Monday, May 18, 2015

Lovely luna

Luna moth

This morning I found a lovely luna moth as I was out walking in the forest wet from a day of rain.  I think it was not long out of its cocoon, as the tail looks not quite fully unfurled yet.  Lunas emerge from their cocoons in the mornings. I found this one around 6:15 this morning, so I believe it’s just beginning its short seven days of life.

Lunas are common, but because of their short life span, they are not commonly seen.  It’s been a while since I’ve been able to study one of these palm-sized moths. I might see one or two a year, and often they are flitting by or otherwise not being photographically cooperative.
This morning’s moth was a wonderful exception.  The little “moon” spots on its wings are the basis for the moth’s name.  But that’s just one of the truly beautiful things about the moth. Notice how the brown top line resembles a twig in both shape and color.  And notice, too, how the wings themselves mimic the shape and the color of the nearby leaves.  How perfect is that?

In this area, the moths produce two generations in a summer.  The first is now, the second will be about 11 weeks later, in mid-August. More northerly lunas will only product one generation a year. Those to the south will produce three.

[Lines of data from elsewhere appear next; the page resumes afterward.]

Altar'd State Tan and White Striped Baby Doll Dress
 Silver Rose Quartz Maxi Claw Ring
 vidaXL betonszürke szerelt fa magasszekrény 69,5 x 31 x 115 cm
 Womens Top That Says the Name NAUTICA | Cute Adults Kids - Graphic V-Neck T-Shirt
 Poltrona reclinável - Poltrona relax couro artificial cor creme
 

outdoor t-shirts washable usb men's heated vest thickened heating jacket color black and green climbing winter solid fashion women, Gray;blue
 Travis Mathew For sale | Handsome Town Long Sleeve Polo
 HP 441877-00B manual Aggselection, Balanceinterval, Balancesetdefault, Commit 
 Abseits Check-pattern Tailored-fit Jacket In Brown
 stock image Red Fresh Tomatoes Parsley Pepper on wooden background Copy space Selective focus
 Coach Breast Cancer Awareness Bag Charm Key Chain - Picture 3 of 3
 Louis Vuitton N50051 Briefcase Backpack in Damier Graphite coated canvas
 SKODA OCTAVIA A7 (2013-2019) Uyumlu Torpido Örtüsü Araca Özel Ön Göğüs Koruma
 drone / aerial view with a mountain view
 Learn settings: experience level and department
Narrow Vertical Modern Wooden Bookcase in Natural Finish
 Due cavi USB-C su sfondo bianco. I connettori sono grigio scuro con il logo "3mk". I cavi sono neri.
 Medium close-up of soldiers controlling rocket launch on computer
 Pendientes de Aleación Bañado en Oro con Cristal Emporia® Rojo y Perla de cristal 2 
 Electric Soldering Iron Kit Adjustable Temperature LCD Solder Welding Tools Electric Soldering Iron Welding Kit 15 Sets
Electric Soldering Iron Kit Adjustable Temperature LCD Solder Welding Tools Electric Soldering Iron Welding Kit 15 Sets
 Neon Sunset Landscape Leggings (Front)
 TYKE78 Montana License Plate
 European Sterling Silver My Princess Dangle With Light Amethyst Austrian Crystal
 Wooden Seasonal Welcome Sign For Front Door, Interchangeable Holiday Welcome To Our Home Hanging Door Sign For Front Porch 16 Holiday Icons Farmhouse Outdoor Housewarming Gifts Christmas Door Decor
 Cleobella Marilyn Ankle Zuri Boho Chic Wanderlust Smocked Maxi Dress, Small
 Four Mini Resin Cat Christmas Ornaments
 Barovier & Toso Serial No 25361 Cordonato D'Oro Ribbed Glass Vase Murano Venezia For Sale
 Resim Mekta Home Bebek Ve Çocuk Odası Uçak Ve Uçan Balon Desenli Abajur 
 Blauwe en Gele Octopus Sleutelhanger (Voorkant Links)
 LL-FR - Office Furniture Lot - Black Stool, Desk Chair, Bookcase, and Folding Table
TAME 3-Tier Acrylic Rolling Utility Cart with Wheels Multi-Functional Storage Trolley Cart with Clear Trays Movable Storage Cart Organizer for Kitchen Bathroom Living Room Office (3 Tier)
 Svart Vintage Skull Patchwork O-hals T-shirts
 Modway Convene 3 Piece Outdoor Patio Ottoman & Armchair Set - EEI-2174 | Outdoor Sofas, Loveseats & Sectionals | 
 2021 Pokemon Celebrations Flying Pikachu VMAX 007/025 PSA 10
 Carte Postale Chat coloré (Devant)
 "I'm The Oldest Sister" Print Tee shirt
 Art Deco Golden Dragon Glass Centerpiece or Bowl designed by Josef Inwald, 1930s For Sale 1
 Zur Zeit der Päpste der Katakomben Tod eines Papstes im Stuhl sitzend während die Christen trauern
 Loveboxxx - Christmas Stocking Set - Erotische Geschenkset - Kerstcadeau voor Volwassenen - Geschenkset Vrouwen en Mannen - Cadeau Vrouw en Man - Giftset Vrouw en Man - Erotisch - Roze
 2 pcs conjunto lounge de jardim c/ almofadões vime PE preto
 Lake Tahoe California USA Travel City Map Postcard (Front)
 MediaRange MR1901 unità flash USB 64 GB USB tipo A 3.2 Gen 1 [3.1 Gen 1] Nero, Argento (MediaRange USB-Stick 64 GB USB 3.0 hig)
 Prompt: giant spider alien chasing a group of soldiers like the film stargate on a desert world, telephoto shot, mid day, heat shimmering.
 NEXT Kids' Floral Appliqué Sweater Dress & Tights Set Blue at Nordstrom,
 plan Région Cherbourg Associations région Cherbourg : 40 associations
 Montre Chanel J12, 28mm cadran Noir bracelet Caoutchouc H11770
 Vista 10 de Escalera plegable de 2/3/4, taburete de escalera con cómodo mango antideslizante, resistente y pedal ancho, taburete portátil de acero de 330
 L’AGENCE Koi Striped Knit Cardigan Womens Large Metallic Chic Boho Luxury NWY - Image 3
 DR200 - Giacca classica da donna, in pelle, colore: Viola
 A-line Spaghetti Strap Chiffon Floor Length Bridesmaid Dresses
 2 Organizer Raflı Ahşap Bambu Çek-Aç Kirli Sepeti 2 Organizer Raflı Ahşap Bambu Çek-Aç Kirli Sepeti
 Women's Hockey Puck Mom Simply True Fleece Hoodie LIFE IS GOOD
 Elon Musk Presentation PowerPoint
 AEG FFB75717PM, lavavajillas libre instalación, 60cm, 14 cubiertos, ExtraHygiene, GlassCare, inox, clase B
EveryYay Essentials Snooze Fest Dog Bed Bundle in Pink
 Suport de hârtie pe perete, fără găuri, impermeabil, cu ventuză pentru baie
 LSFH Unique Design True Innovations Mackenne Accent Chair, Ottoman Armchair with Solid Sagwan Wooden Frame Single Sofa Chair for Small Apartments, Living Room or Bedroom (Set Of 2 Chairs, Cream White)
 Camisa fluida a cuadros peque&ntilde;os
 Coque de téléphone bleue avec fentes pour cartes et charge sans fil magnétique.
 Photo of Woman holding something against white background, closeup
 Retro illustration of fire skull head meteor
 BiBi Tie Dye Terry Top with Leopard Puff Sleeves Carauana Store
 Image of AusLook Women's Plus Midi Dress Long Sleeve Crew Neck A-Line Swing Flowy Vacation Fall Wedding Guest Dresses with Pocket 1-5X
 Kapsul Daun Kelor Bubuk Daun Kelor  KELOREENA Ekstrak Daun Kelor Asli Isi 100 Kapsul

 I am still trying to decide if this one is a male or a female. The only difference is in the length and width of their antennas.  The male’s antenna are larger and wider, but to my eye the difference is a small one, so I won’t hazard a guess about this one.  I’m just lucky to have found one so cooperative, so I could admire its beauty and share it with you.

9 comments:

Countryside Tales said...

Beautiful. Thanks for sharing the pic.

Carolyn H said...

Thanks! Sometimes luck is with me!

Scott said...

Good post, Carolyn. I'd never thought about why Luna Moths have that name; aren't I glad I stopped by today?! I hardly ever see them here, though, as you said, they're probably pretty common.

We had a 10-minute shower that wet the top of the soil on Saturday evening, but other then that, we have had no rain for the last 28 days. It's desperately dry here.

Carolyn H said...

Scott: I'm surprised to hear you haven't gotten much rain over the past few days. This area was dry up until Sunday, and I've had over 1.5" since then in various thunderstorms that have rolled through. Sunday rained more than half the day here. We aren't that far apart, so it's odd you haven't gotten at least some of the same storms.

Sharkbytes said...

I don't think I've seen one since I was a kid. They are exceptionally beautiful.

Pablo said...

I've found their wings rarely in the forest, but I've never seen a live one. (Yet)

Grizz………… said...

Great post, pix and info. I think you've told me more about luna moths than I'd heretofore managed to learn in my nearly ten (dog) years! I spot a luna from time to time—usually just flitting around in the porchlight—and have always admired them, and the cecropias, for their size and striking colors. But I've never done more than a smidgen of research, because I do so seldom see one—though I now understand it's not likely their rarity but my poor luck. Anyway, really enjoyed the post.

P.S. No rain shortage here along the riverbank. Between the ample moisture and cool temps (mid-40s this a.m.) Southwestern Ohio is a turning into a verdant jungle!

Carolyn H said...

Pablo, I've never seen just their wings. I guess that's from after their 7 days of life. It's a shame they aren't longer lived--I'd love to see them more often. I do know I've never found one as cooperative as this one was.

Carolyn H said...

Griz: Thanks! I like the cecropias, too. Like Ohio, it was chilly and rainy here in PA this morning. And will be chillier tonight. I hope I won't have to light the fireplace again, but I am going to toss another quilt on the bed!